Breast Cancer Diagnosis Gap Now Gone

While breast cancer is a legitimate concern for all women regardless of race and even age, whites historically have had a higher incident rate of this potentially fatal disease. That’s no longer the case, however, according to a recently released study published by the American Cancer Society.

Researchers found that the gap in diagnosis rates between the two races essentially closed between 2008 and 2012 in the United States. In 2012, in fact, the breast cancer incident rate for white women was 135 cases per 100,000 women. The rate was 135.2 cases per 100,000 black women in that same year.

The gap has been evidenced in incidence rates since about 1975. While the overall number of diagnosed cases in whites has remained relatively stable, the rates of diagnosis for black women climbed by about 0.4% a year between 2008 and 2012.

Researchers are not entirely sure what’s driving the higher diagnosis rates in the black population, but they do have some ideas. Increased screening is not seen as a likely explanation.

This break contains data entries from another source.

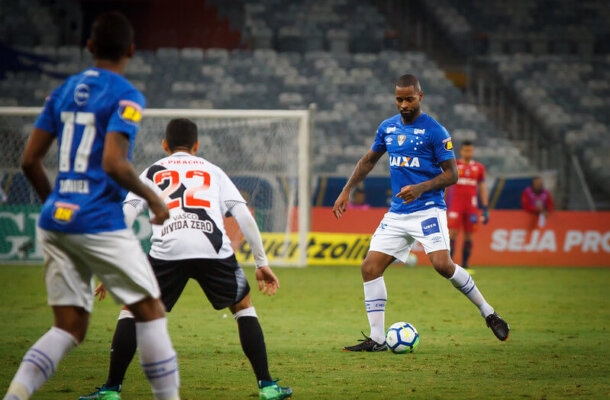 10ª rodada do Campeonato Brasileiro de 2018: Cruzeiro 1 x 1 Vasco, no Mineirão - Gols: Raniel (CRU)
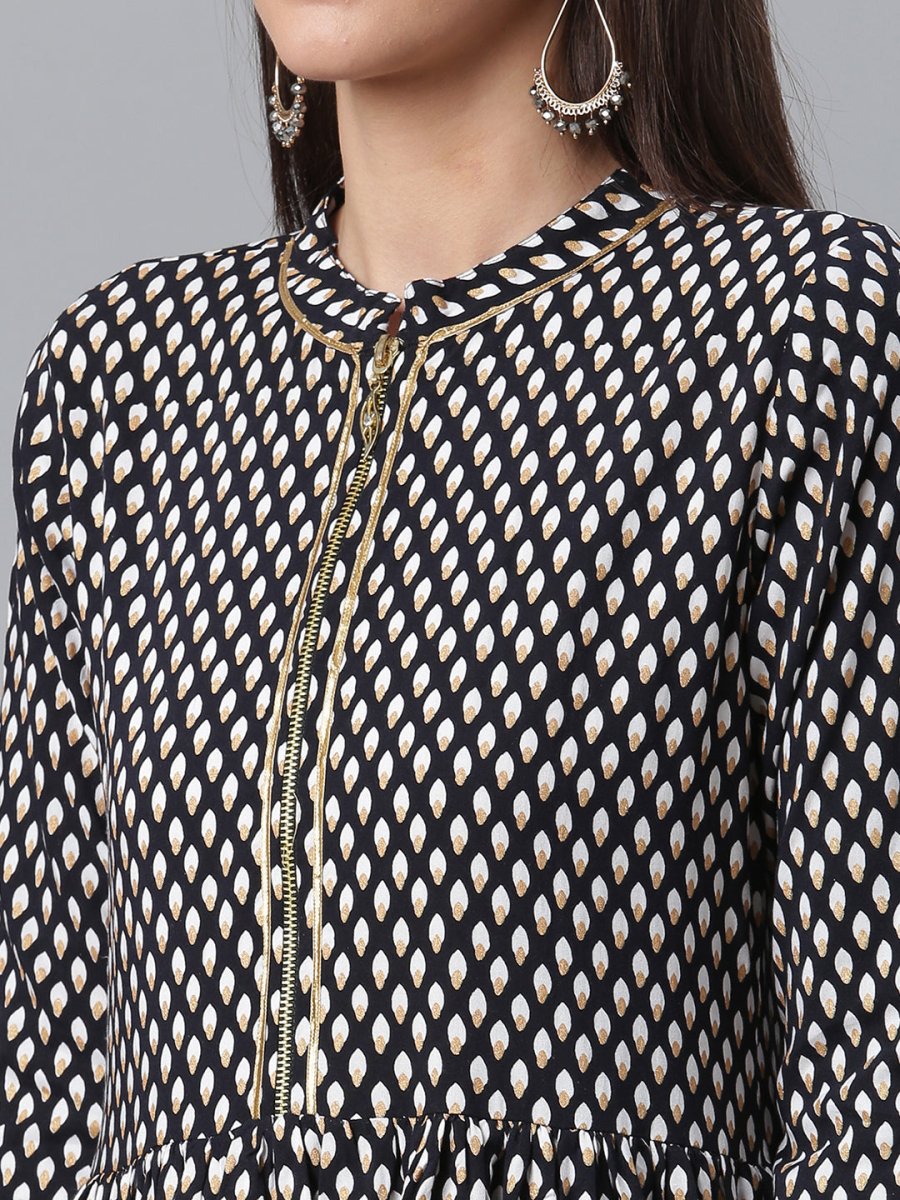 Ahalyaa Black & White Printed Tunic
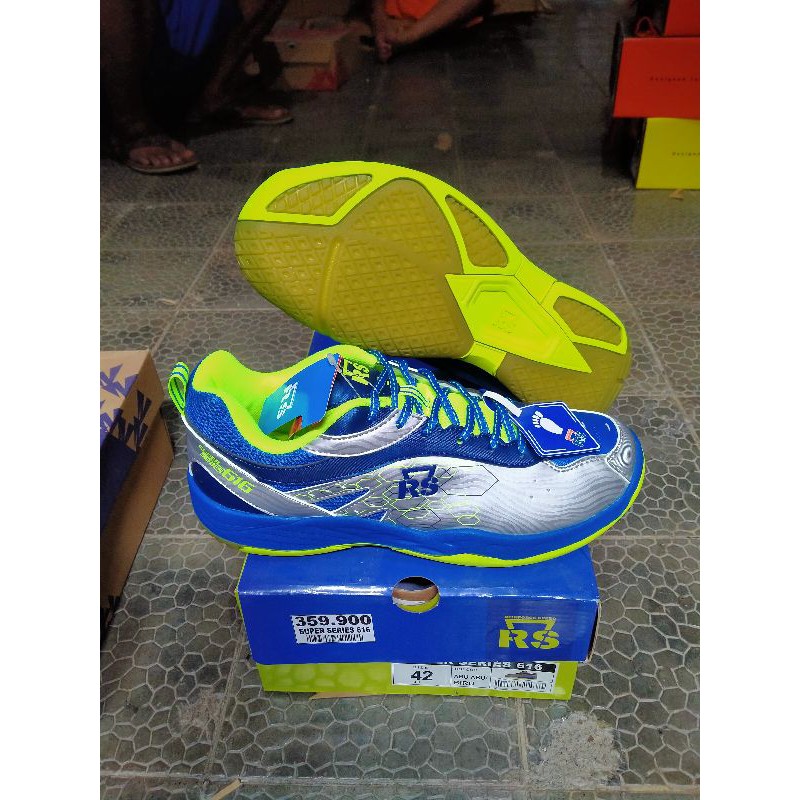 sepatu badminton RS super series 616 obral minus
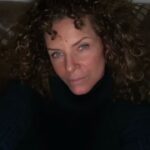 Manuela Lopez Instagram - En mode tête au réveil #hibernation #repos # S’arrêter, respirer, prendre le temps, d’analyser et avancer à nouveau en accord avec soi même .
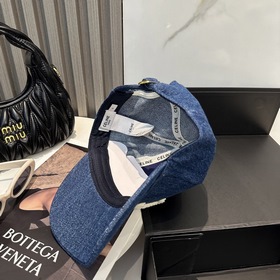 [CELINE] Новая модель бейсболки в лак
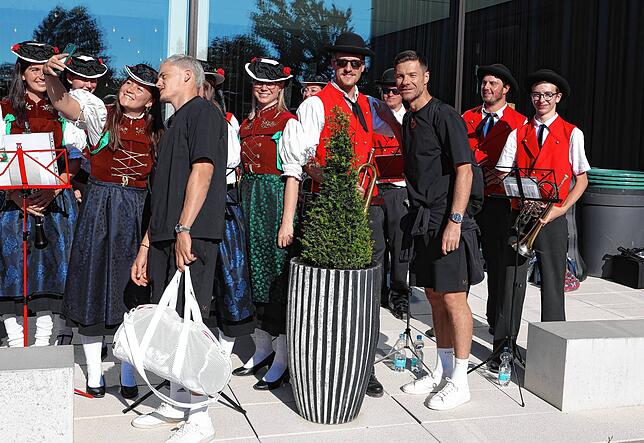 Bild 5: Deutscher Meister Bayer Leverkusen im Öschberghof Donaueschingen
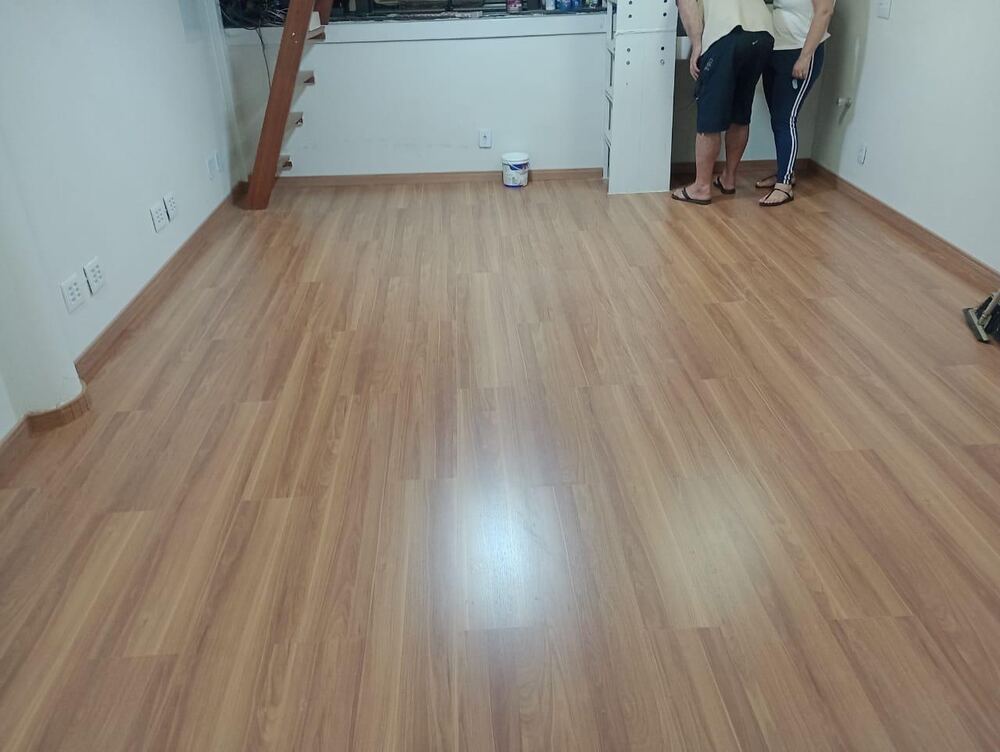 Ambiente com piso laminado instalado pela Horizonte Pisos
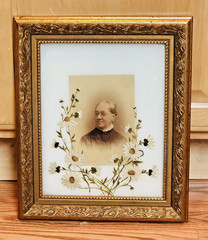 Lot 2 Vintage Gold Framed Black White Portrait Photographs Hand Painted Flowers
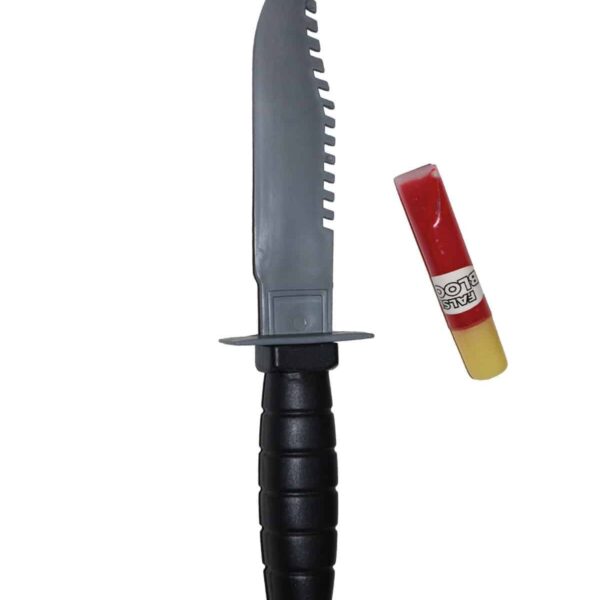 Coltello con Sangue Finto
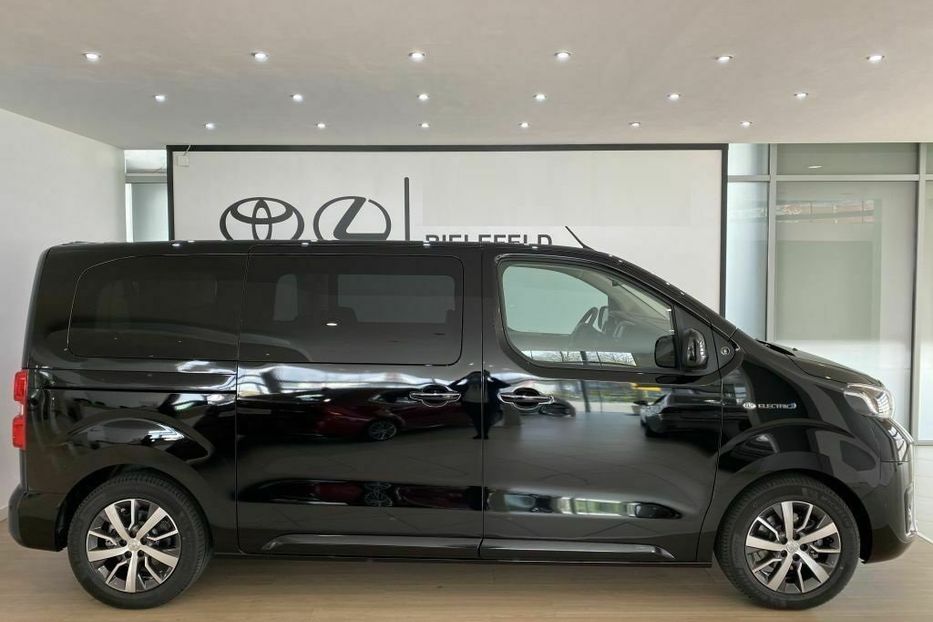 Продам Toyota Verso  Proace Electric 2021 года в Киеве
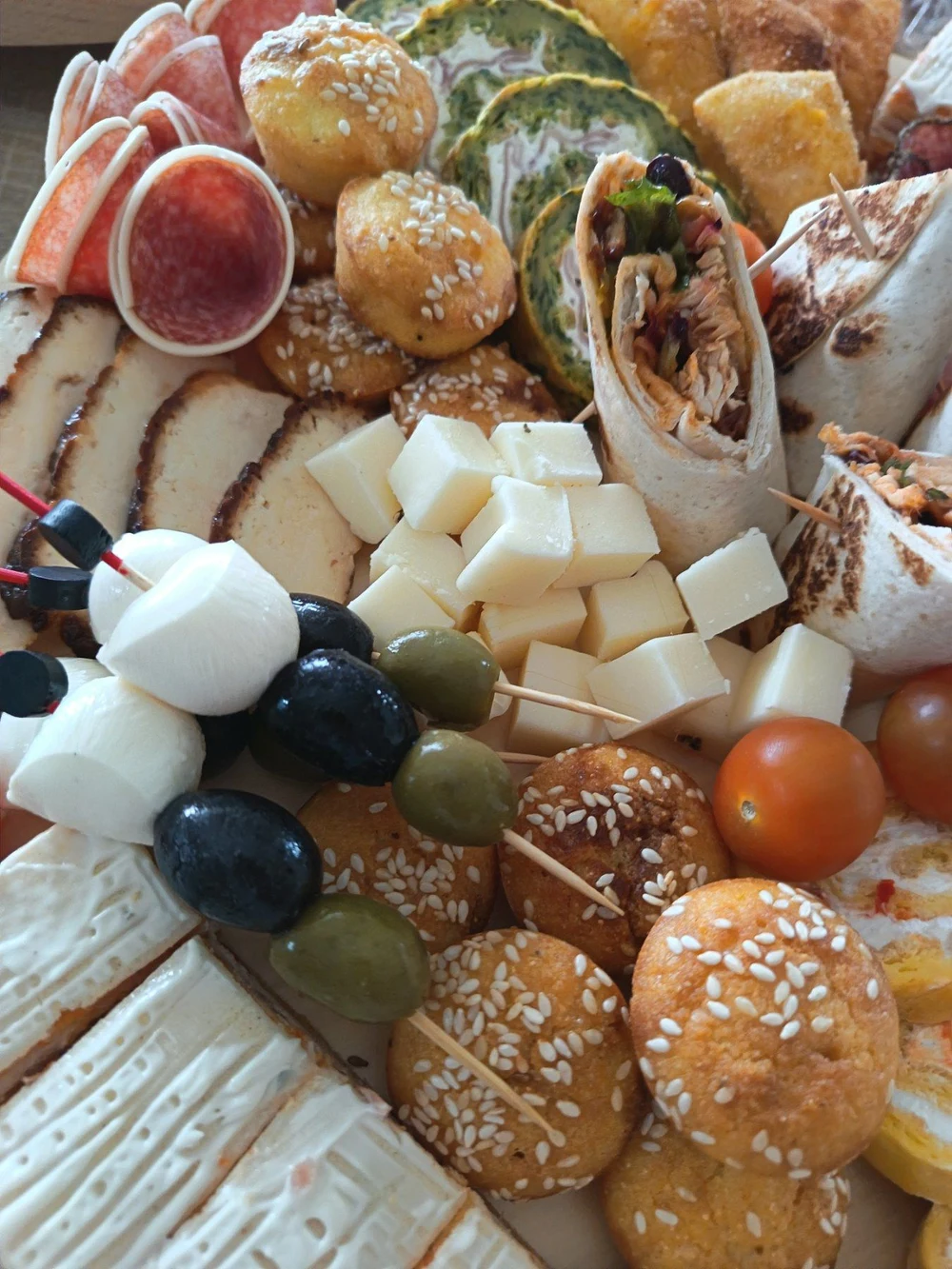 Dezertni tanjiri i kanapei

Obesity, however, may play a role, researchers said, since it is linked to post-menopausal breast cancer. The obesity rate has continued to increase in black women, but has mostly leveled off in whites, they said.

Although the full implications of the numbers and the likelihood they may continue to rise remain unclear, the findings point to the importance for all women to undergo routine screening for this disease. Breast cancer is estimated to strike about 246,000 American women each year in its invasive form. About 40,000 women die annually from this disease in the United States.

Women who are age 40 or over are urged to talk about undergoing mammograms with their healthcare providers. Other screening procedures may also be recommended. The best recommendations, however, will come from a doctor who has information about a woman’s individual risk factors and personal medical history.